Coming to the end of this September Learning Challenge (I started late, so it will run on into October), I find I have a couple of ‘extra’ chapters to cover from Finding Your Writer’s Voice to finish the first section.
Chapter 16 – The Writer as Presence
There can be value in imitation, especially to a beginner writer who has yet to find their own voice. But only writing as ‘you’ will ultimately be any good – no imitation, however great, will put your heart on the page. When you write as yourself, you might think your work sounds too ordinary – but the reader isn’t you, and isn’t numbed to your voice the way you are. You are unique in person and voice, and this is what you must put on the page.
You may want to mute some aspects of your personality – a tendency towards logic and over-analysis, for instance – or you might even want to exaggerate them for effect. If you have a trait or quality that you don’t like about yourself, put it in a story and find the ridiculousness to it. You don’t need to study psychology to write, but be aware that you will reveal your own personality even if you never write an autobiographical word.
Another reason why it’s so important to finish work – short stories, poems, novels – is that it’s only when you examine the finished result that you can start to see where your personality is missing from the text. Writing is an act of courage.

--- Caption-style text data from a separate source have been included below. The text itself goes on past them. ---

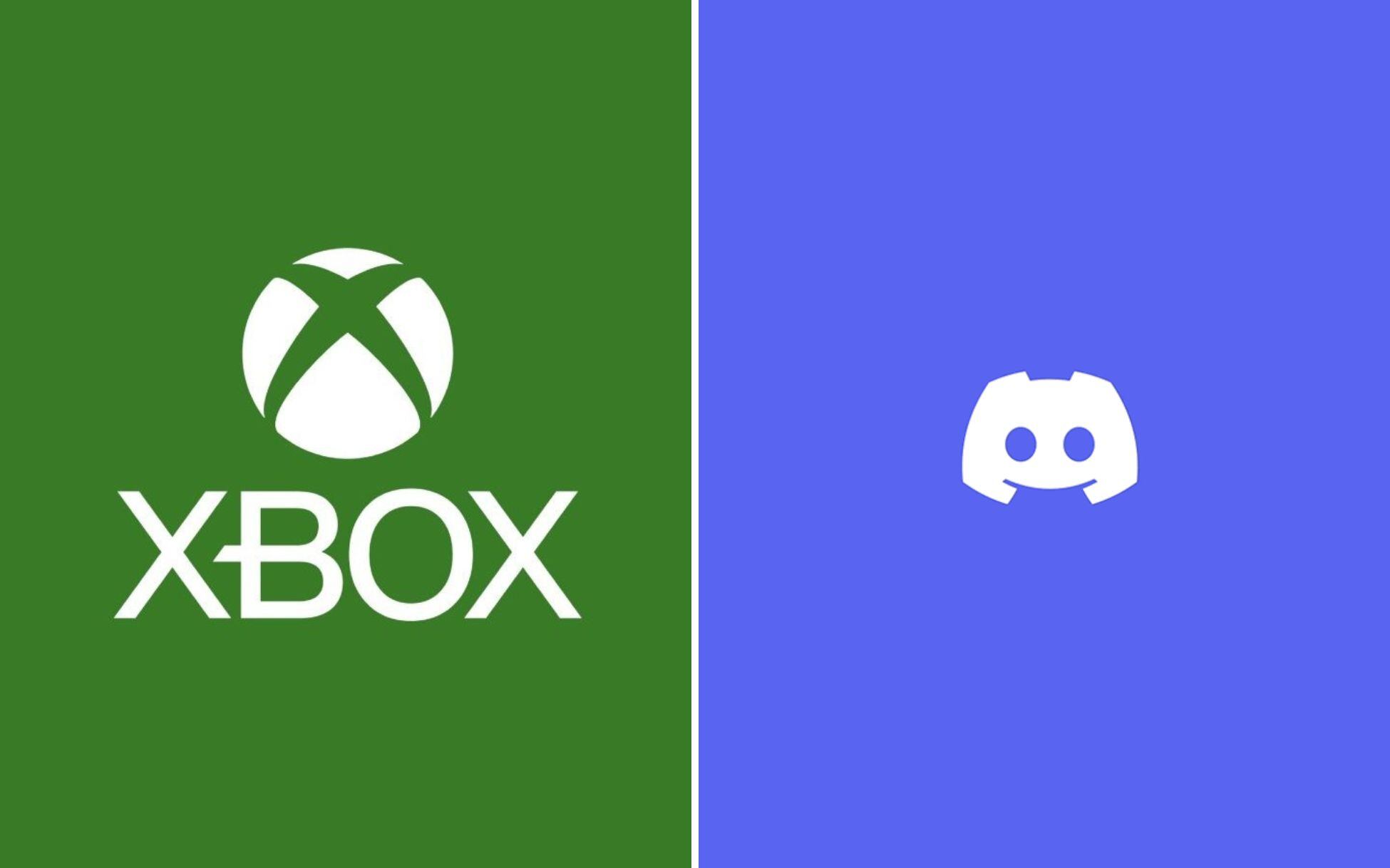 Xbox y Discord sigue expandiendo su colaboración y esta vez vienen con una función que va a dejar encantados a los gamers. Crédito: Xbox y Discord.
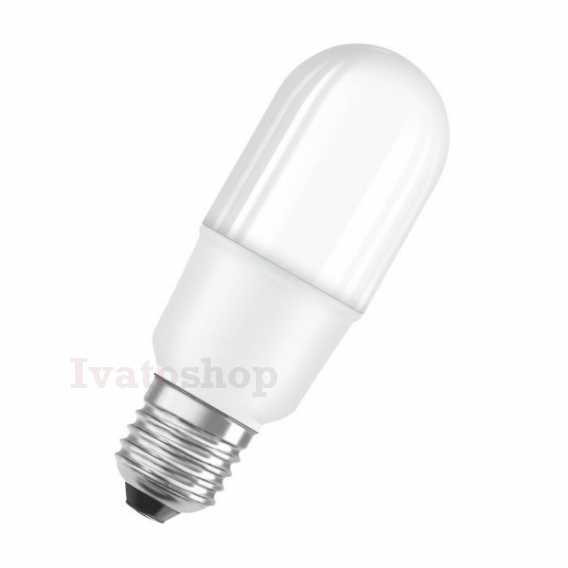 Obrázok pre OSRAM TUBE   matná 230V E27 LED EQ75  2700K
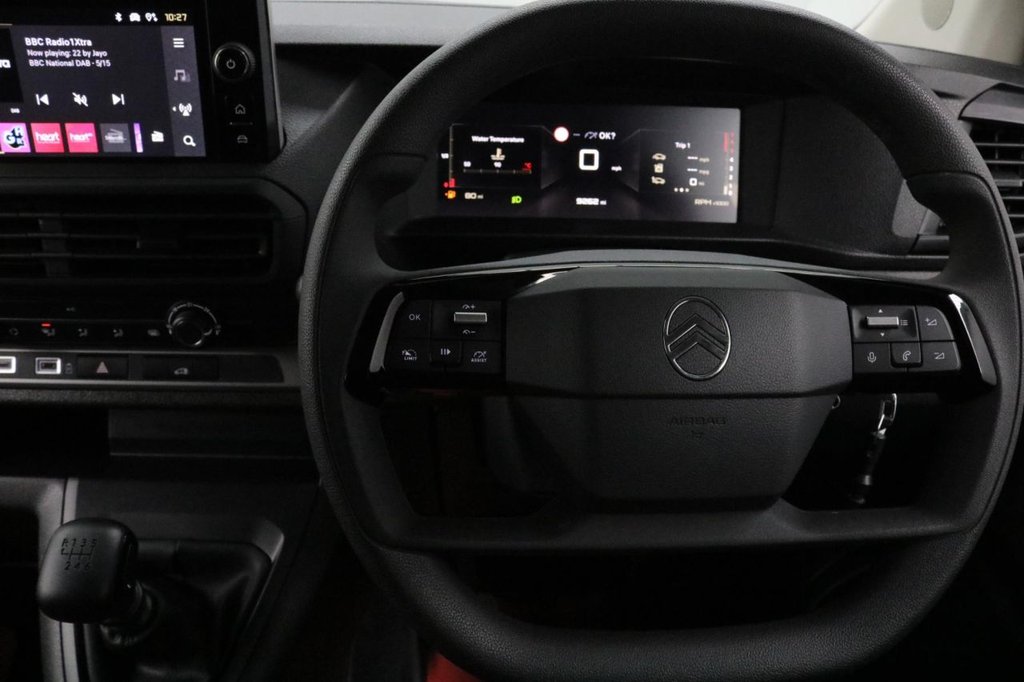 Used Citroen Dispatch 2025 for sale - 78153615: Photo 37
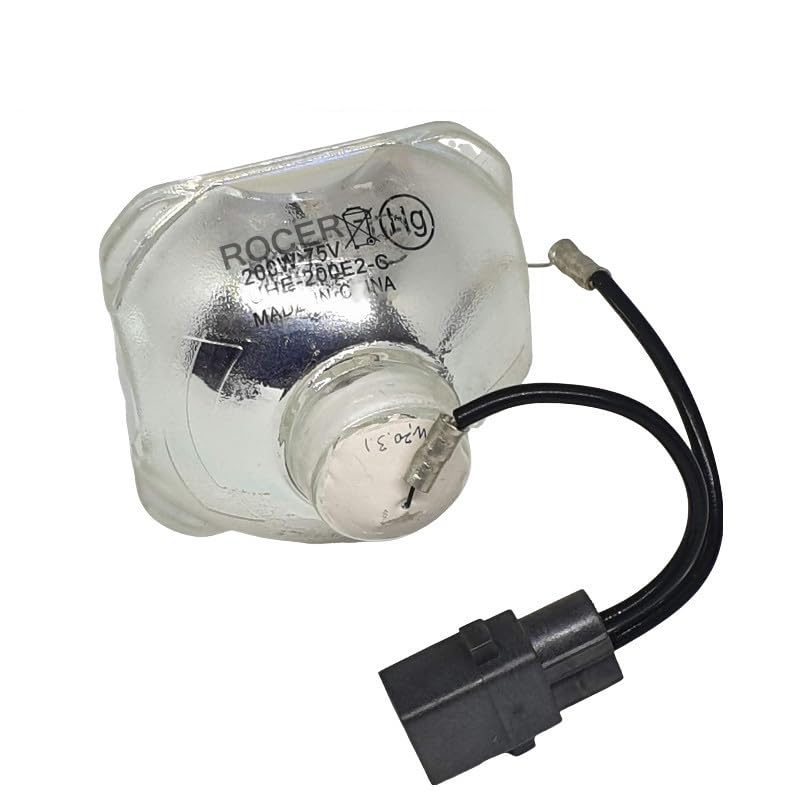 Rocer for Epson EH-TW8200 (Bare Only) : Amazon.in: Electronics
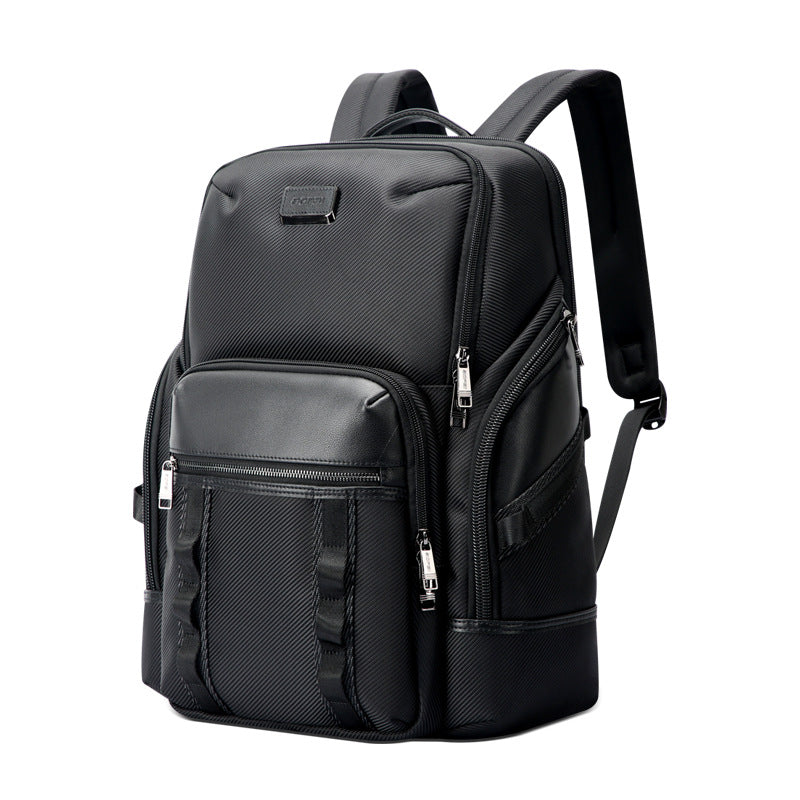 Mochila Multifuncional Premium para Hombres de Negocios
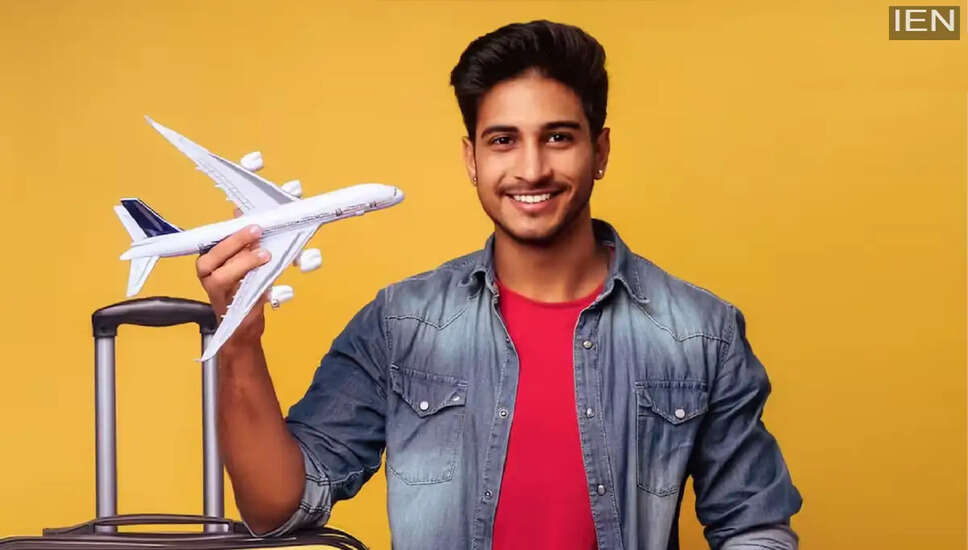 भारतीय छात्रों के लिए कनाडा में अध्ययन परमिट में भारी गिरावट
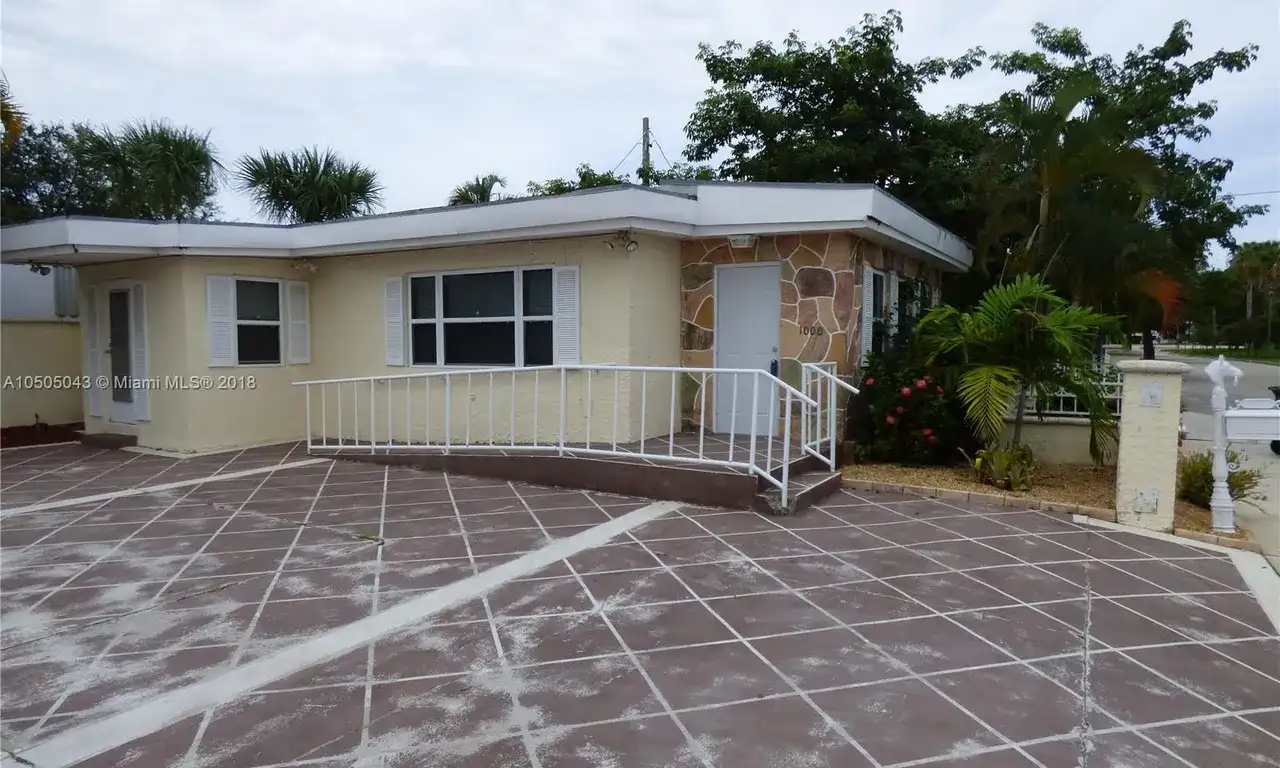 Dixie Hwy, Boca Raton FL 33432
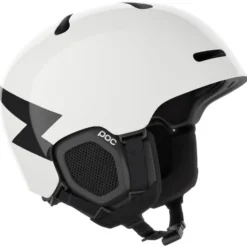 Casco Poc Fornix Mips Blixten White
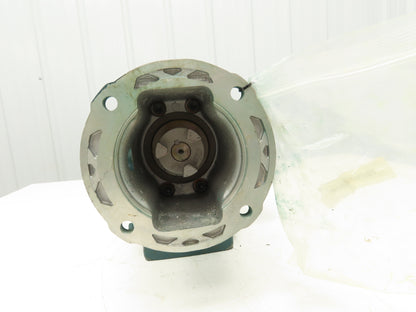 Dodge 30A20R14FH Tigear 2 Worm Gearbox 20:1 Reducer 87rpm 3.8Hp RH 143/145TC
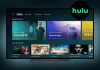 سرویس پخش آنلاین Hulu (هلو)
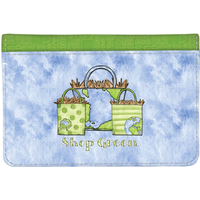 Green Living Debit Wallet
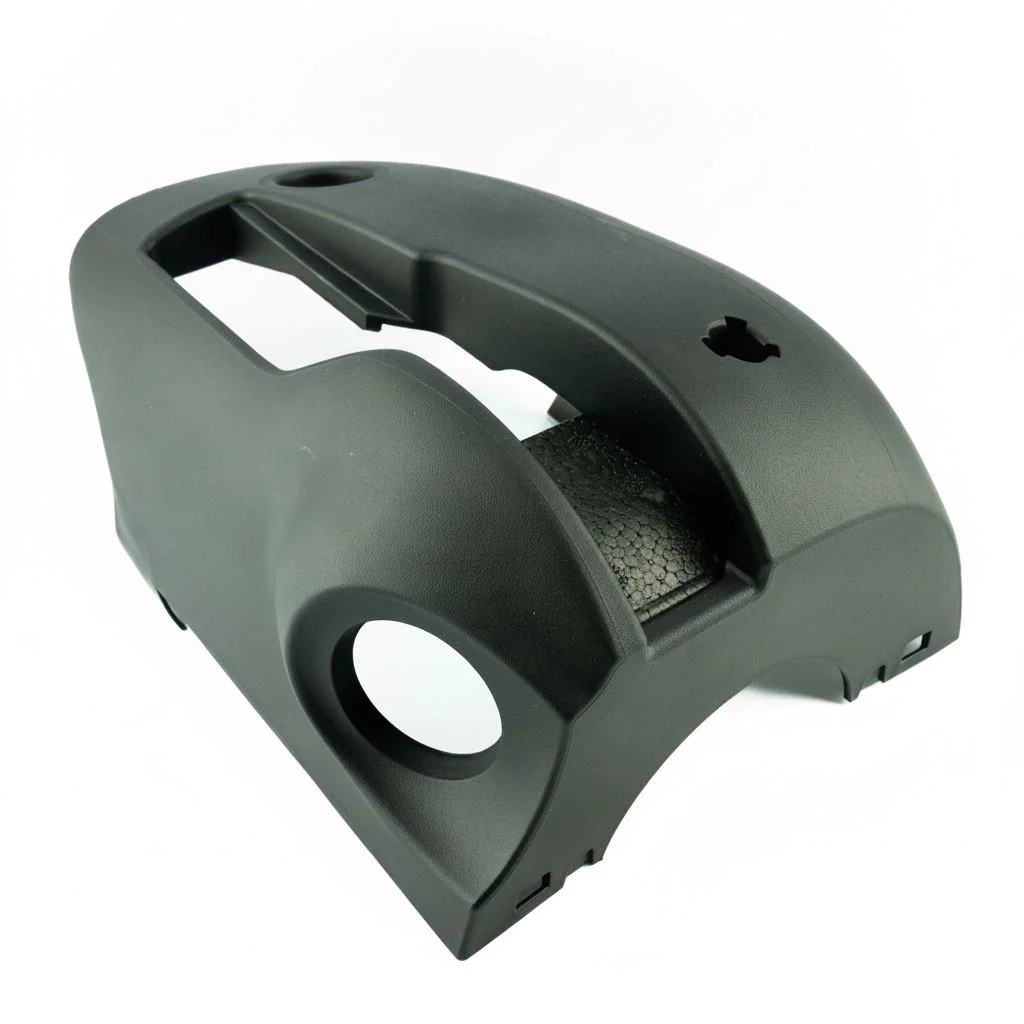 C-Max Lower Steering Column Shroud Keyless Start 2015-2019 - Image 4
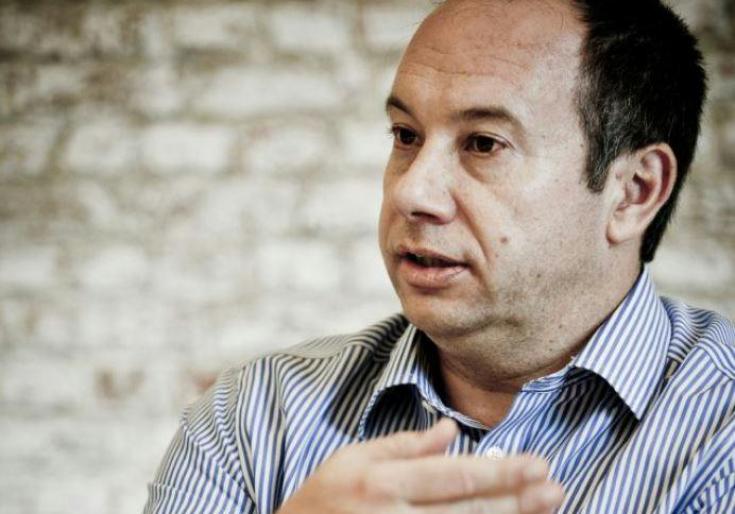 Gert De Mesure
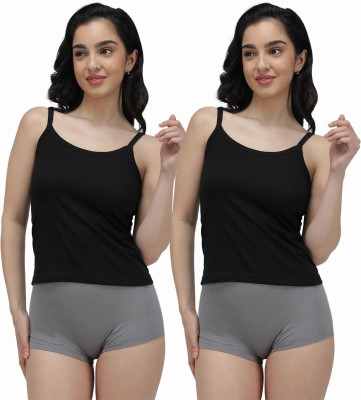 AMUL COMFY Women Camisole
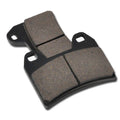 Front Brake Pads For Aprilia Rsv 1000 BMW F800 Ducati 1290 Yamaha XT 660 Suzuki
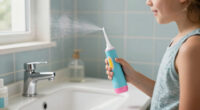 8 Best Cordless Water Flossers for Kids in 2026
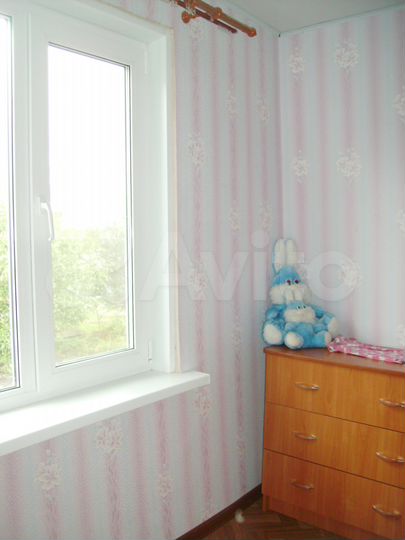 Дом 49 м² на участке 8 сот.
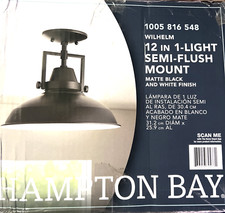 New hampton bay for sale  Raleigh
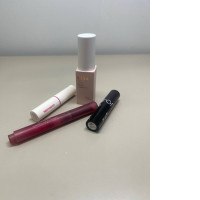 Set of four GLINT highlighter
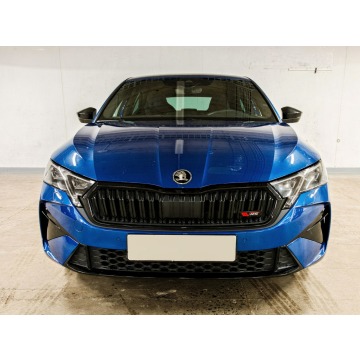 Skoda Octavia  Sedan/Limuzyna 2026,  2.0 benzyna, automat - Na sprzedaż za 148 700 zł - Warszawa - zdjęcie 2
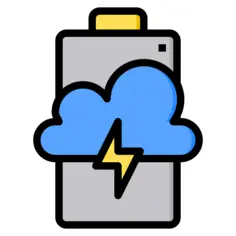 Cloud storage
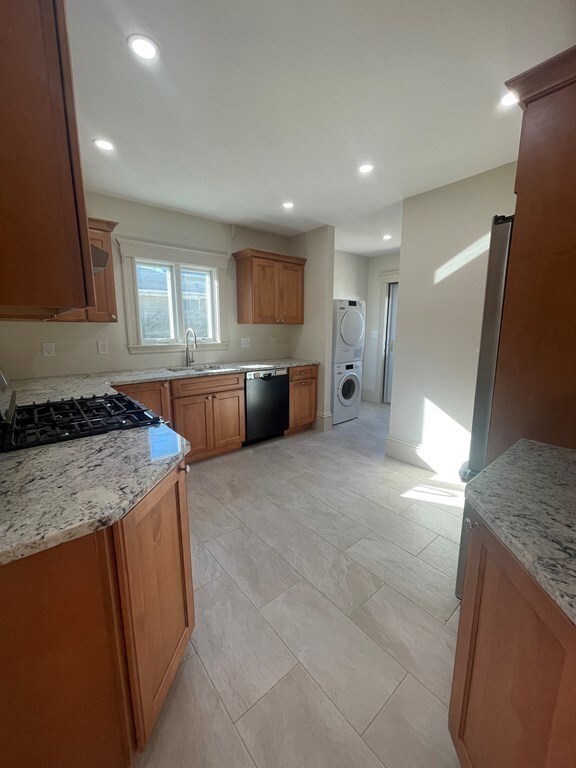 91 Glencoe St unit 1, Brighton, MA 02135 - photo 4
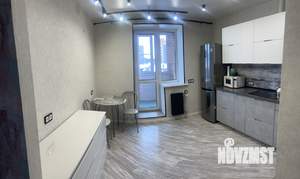 1-к квартира, на длительный срок, 36м2, 3/11 этаж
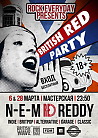 British RED Party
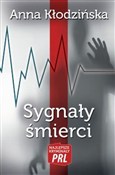 Sygneły śm... - Anna Kłodzińska -  books in polish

Chapter 17 – Becoming a Prose Thief
It’s easy to find your voice taking on echoes of what you’re reading: a nineteenth century binge will leave ‘nary’ and ‘whilst’ creeping into your work, for example. Trying on other voices can be a great learning tool, but ultimately you’re using them to find your own unique voice.
Exercises include: change a scene from one of your least favourite writers – as ‘artistic director’ what changes would you make? Or write a page or so in a parody of your favourite writer – really exaggerate the voice. Try writing the same scene in the style of another, very different writer.
Borrowing another voice for a little while can be a great warm-up into your own story. It might help you find voices for your characters, or a story line you might not otherwise have found, or just help you find the tone before your own voice takes over.